Corsport - Prandelli: "Mi voleva la Juve, ma dissi no a Bettega. Heysel? Ci fecero giocare, Boniperti non voleva. Nessuno sente davvero sua quella coppa"
Cesare Prandelli ha rilasciato una lunga intervista al Corriere dello Sport. Ecco alcuni passaggi:
Sul suo "no" alla panchina della Juventus: "Un giorno, dopo cinque anni e quattro qualificazioni Champions, lascio la Fiorentina? Chiariamo: non lascio la Fiorentina, sono lasciato. Avevo ancora un anno di contratto. Mi dissero che avrebbero ridimensionato e che io, allenatore ambizioso, potevo andare dove volessi. Due giorni dopo leggo un’intervista di Diego Della Valle che mi dà del traditore perché volevo andare alla Juve. Era vero? Era vero che la Juve mi voleva, ma io amavo la Fiorentina, volevo portare un titolo in bacheca. Chiamai Bettega e gli dissi che non se ne faceva più niente. Traditore? Quello tradito ero io. Forse ero diventato troppo popolare, davo fastidio. Una storia che non meritava di finire così? Loro avevano necessità di tesserare Mihajlovic in tempi brevi, sono andato in società e ho rinunciato al mio anno di contratto per rispetto della città".
Su Cassano, Balotelli e gruppo Juve in Nazionale: "Cassano e Balotelli. Come si gestiscono? In Nazionale è più facile, hanno pochi giorni per fare danni. Mi sono sempre piaciuti quelli fuori dagli schemi. Cassano è il più divertente in assoluto. L’unico calciatore con cui andrei a cena tutta la vita. Mai banale. Certo, la gestione quotidiana è complicata. Non ha il senso del limite». Tu riuscivi a darglielo? «Ha i suoi codici d’onore. Se ti stringe la mano è fatta, non ti tradisce. Sono i codici della strada da cui proviene. I compagni di Nazionale non la pensavano come me? C’era il gruppo della Juve con le sue regole, molto selettivo nei comportamenti. Ma era anche la macchina vincente, il traino di tutto. La sincerità di Cassano è sempre stata lampante. Le cose le diceva nello spogliatoio, non aveva bisogno dell’intervista pubblica".
Sulla vittoria pre-sosta contro la Juventus: "Un piacere speciale battere la Juve? Te lo giuro, l’unico piacere erano i tre punti di cui avevamo un gran bisogno".
Sui trasferimenti sfumati: "Juve e Roma restano i miei due appuntamenti mancati? Il rammarico è più per la Roma. Sarebbe stata una sfida importante".
Sull'Heysel: "Io in campo? Otto minuti. Ricordo uomini, donne, bambini che correvano terrorizzati in campo. Li facemmo passare da dentro il nostro spogliatoio.
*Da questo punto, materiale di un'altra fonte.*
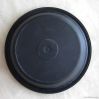 diaphragm for brake ch...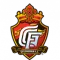 庆南FC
Scappavano passando davanti ai loro idoli, Platini, Boniek, senza nemmeno guardarli. E noi giocatori? Non avevamo visto niente, solo la folla che ondeggiava. Poi, arriva Boniperti e dice: “Ci sono due morti là fuori, non permetterò alla mia squadra di giocare questa partita”. Invece abbiamo giocato e qualcuno ha pure esultato? Fu il delegato Uefa a imporcelo per motivi di sicurezza. Pensavamo che la partita sarebbe stata interrotta a fine primo tempo. Ci dissero invece che doveva finire e che non ce ne sarebbe stata un’altra. Io non ho esultato per la vittoria e posso garantirti che nessuno di quella Juve vuole quella Coppa. I premi partita li abbiamo devoluti alle famiglie".